The solar energy conversion efficiency of semiconductor materials is closely related to the separation rate of photogenerated charge carriers. Recently, “facet heterojunctions” have attracted much attention because of their outstanding capability for separating the photogenerated charge carriers. In this research, silver bromide (AgBr) crystals with different exposed facets were synthesized using a double-jet precipitation method using the inherent bromide (Br⁻) ions as the structure directing agent. The morphology and exposed facets of the AgBr crystals were conveniently tailored by adjusting the concentration of Br⁻ ions, i.e., cubes with {100} facets, tetradecahedrons with both {100} and {111} facets, and octahedrons with {111} facets were synthesized when the concentrations of Br⁻ ions were 10^−3.0, 10^−2.5, and 10^−2.0 M, respectively.

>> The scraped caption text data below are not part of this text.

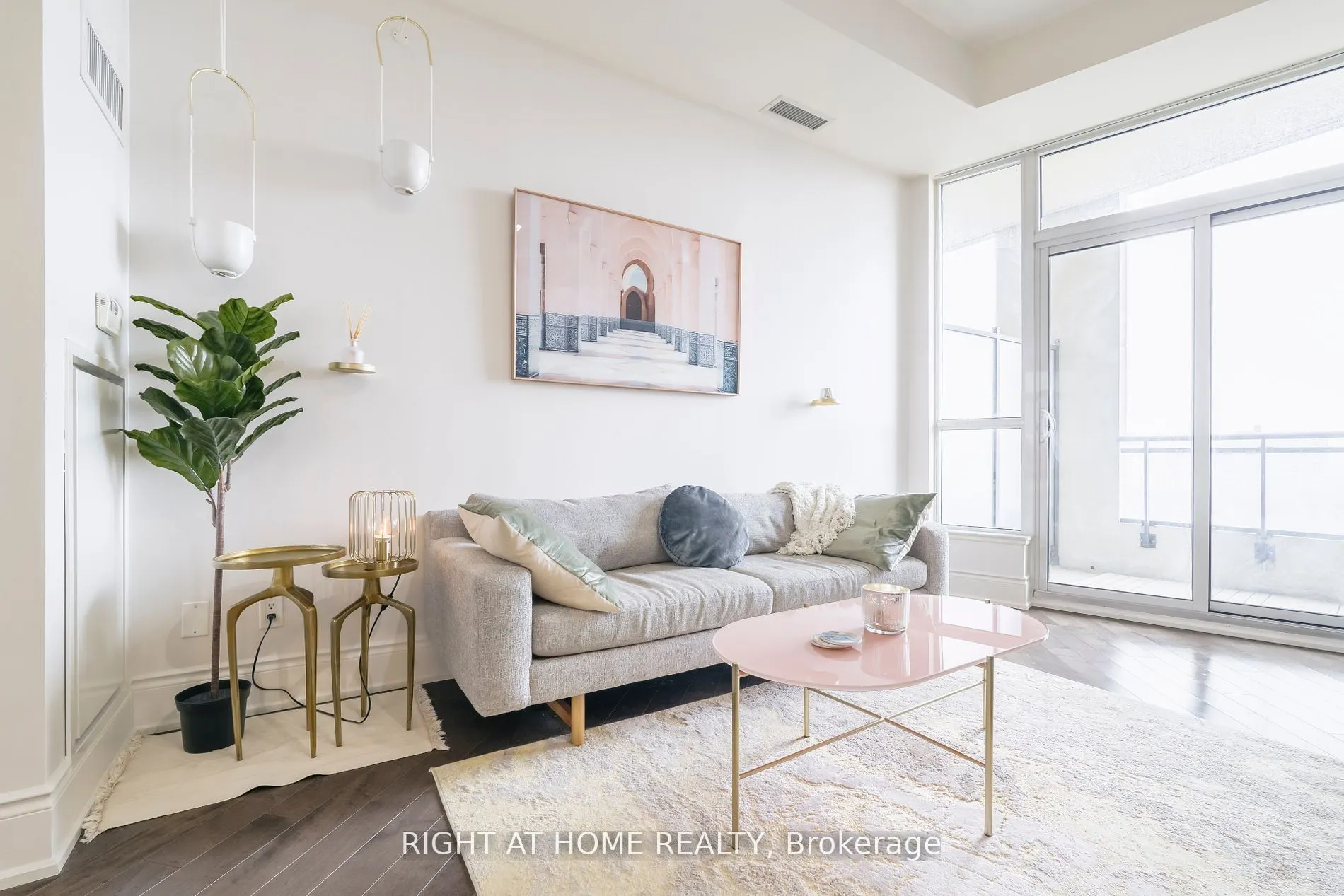 23 Glebe Road W, #918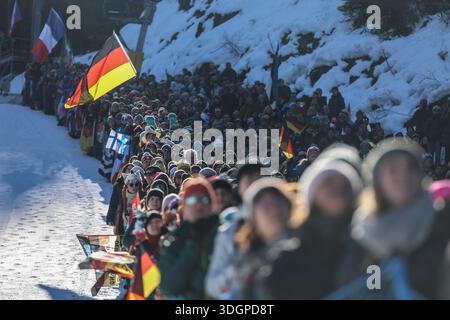 Ruhpolding, Germania 14 - 18 gennaio 2026: BMW IBU Biathlon World Cup - 2025/2026 - Ruhpolding - Women's Pursuit 10km nella foto: Spettatori con bandiera tedesca Foto Stock
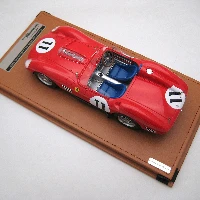 Ferrari 250 TR59-60 Le Mans 24h 1960 car #11 Winner Driver: O.Gendebien - P.Frére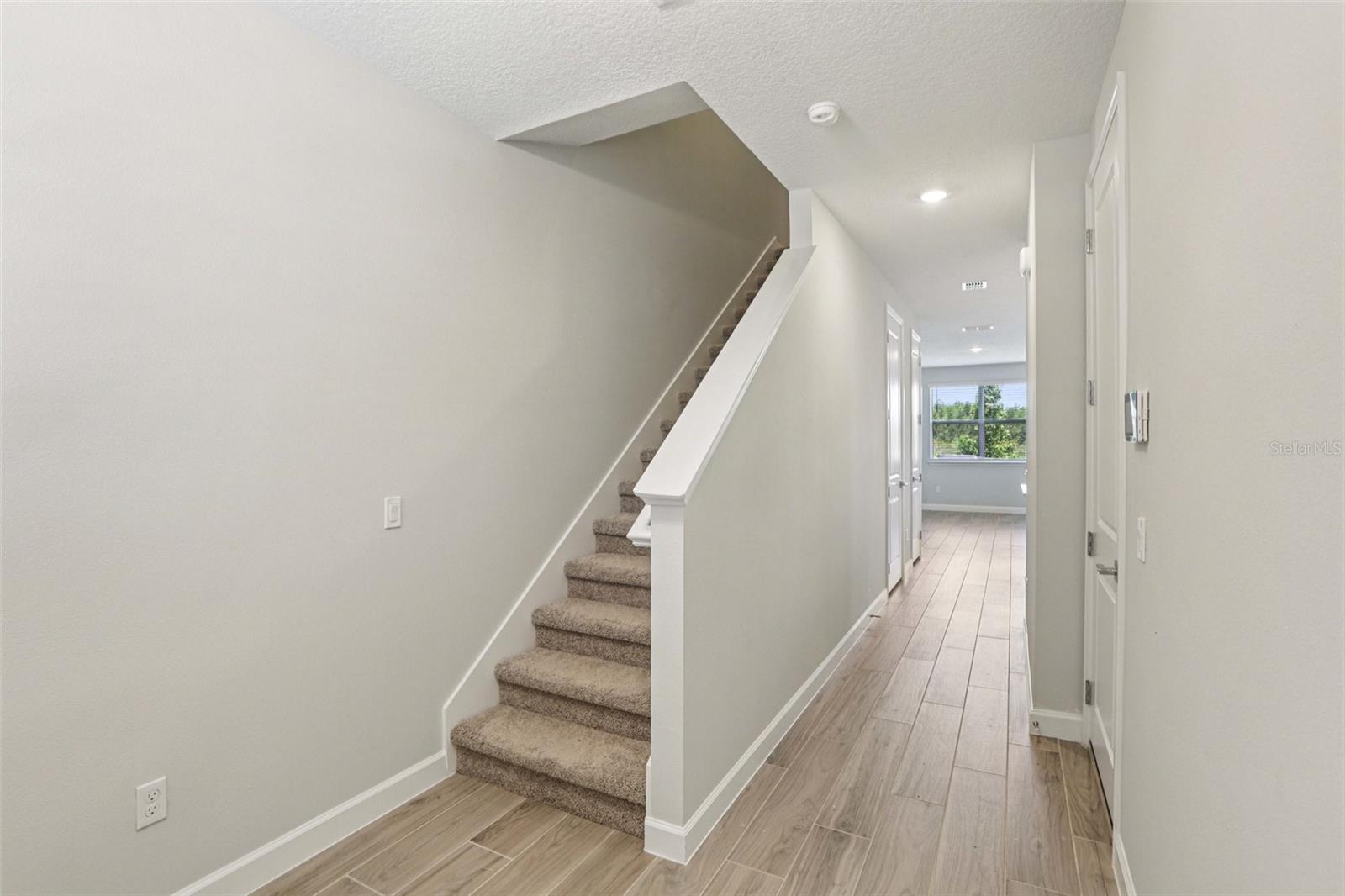 Representative images and renderings are for illustrative purposes. Actual structural options and design finishes of home may vary.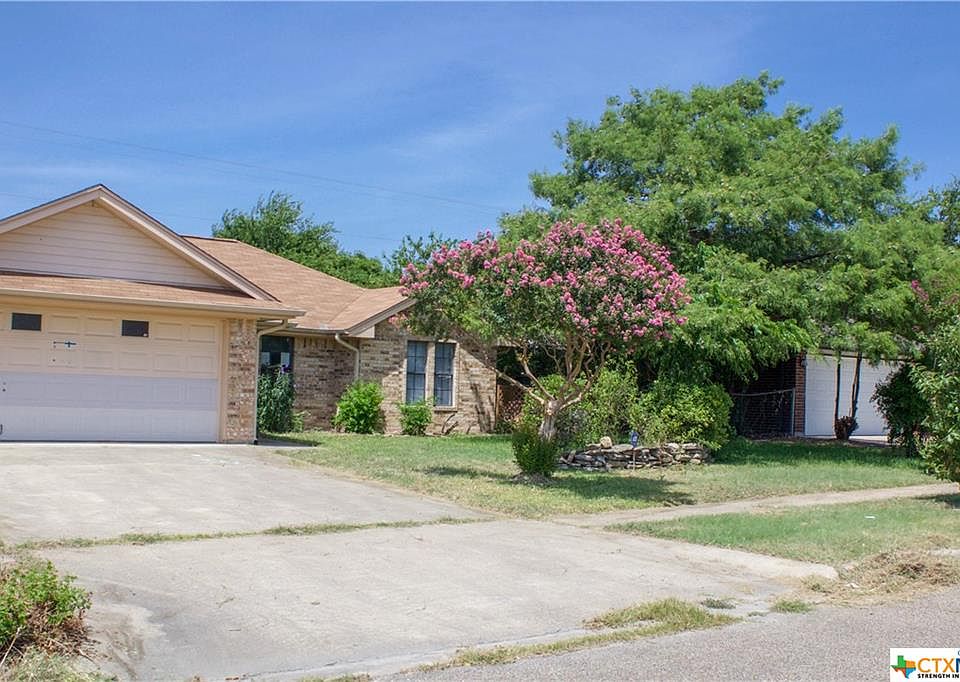 1st image of 4008 Carolyn Dr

Br⁻ ions can clearly decrease the surface energies of the (100) and (111) surfaces, by which the growth rate of AgBr nuclei along the [100] and [111] directions can be tuned by adjusting the concentration of Br⁻ ions, leading to the formation of AgBr crystals with different exposed facets. The transient photocurrent, electrochemical impedance, and photoluminescence spectrum measurements indicated that the tetradecahedral AgBr crystals show higher electron–hole separation rate than the cubic and octahedral ones. Mott–Schottky and photo-oxidation deposition experiments revealed that the photogenerated electrons and holes are transferred to AgBr {100} and {111} facets, respectively. The benefit from the effective spatial isolation of photogenerated electrons and holes was that tetradecahedral AgBr crystals with co-exposed {100} and {111} facets showed enhanced photocatalytic activity for the degradation of methyl orange and sulfadiazine.